Jerusalem
Israeli army chief resigns over Lebanon failures

Israeli army commander Lt. Gen. Dan Halutz, under fire for failures in last summer’s war in Lebanon, has resigned, the Defense Ministry said early today.

Halutz has been under pressure to step down since the end of the 34-day war, which failed in its goals of defeating the anti-Israel militant group Hezbollah and bringing home two captured soldiers.

Israeli launched a full-scale attack on Lebanese Hezbollah guerrillas after they seized the two men and killed three other soldiers in a cross-border raid July 12.

Army Radio reported that Halutz sent his letter of resignation to Prime Minister Ehud Olmert, saying that he was taking responsibility for the outcome of the war.

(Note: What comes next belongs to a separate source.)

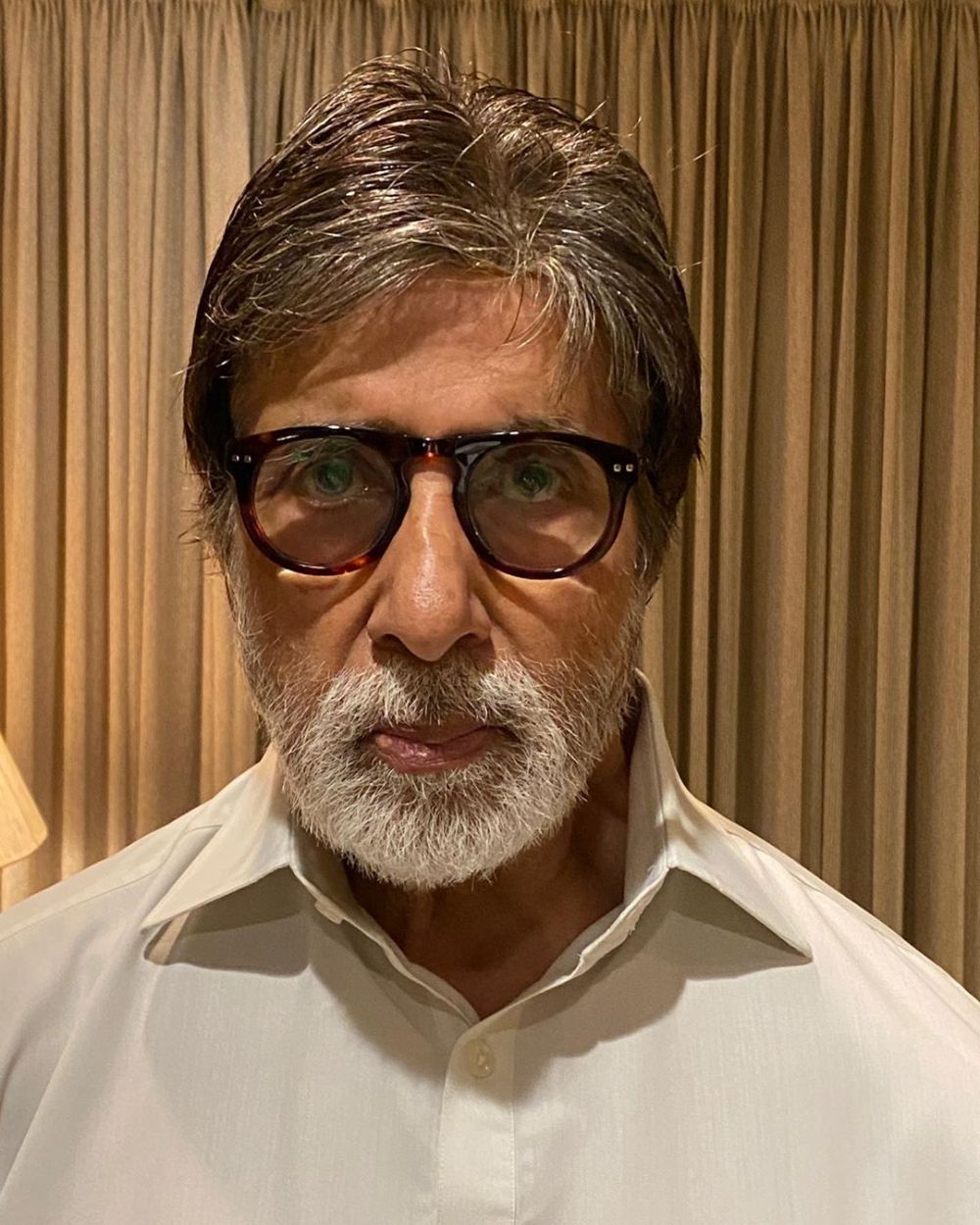 6 Kronologi Amitabh Bachchan terpapar Covid-19 hingga sembuh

“For me the concept of responsibility is everything,” Halutz wrote, according to Army Radio.

Islamabad, Pakistan
Pakistani airstrikes spark protest

Pakistani helicopter gunships attacked a suspected al-Qaida hide-out in a forest near the Afghan border yesterday, killing up to 10 people and sparking anger among tribesmen who said the dead were woodcutters, not terrorists.

The raid in South Waziristan came as Defense Secretary Robert Gates visited Afghanistan and as pressure grew on Pakistan to crack down on militants launching attacks across the frontier.

Pakistan’s army said intelligence sources confirmed the presence of 25 to 30 militants, including four or five unidentified al-Qaida terrorists, occupying five compounds in the area of Zamzola – a village about two miles from the frontier.

Pakistani forces backed by Cobra gunships attacked them, destroying three of the compounds.

Detroit
Chrysler to slash jobs at engine plant

About 250 workers at a Chrysler Group plant that makes V-8 engines will be furloughed next week as the company reduces engine production to match truck manufacturing cuts, a company official said Monday.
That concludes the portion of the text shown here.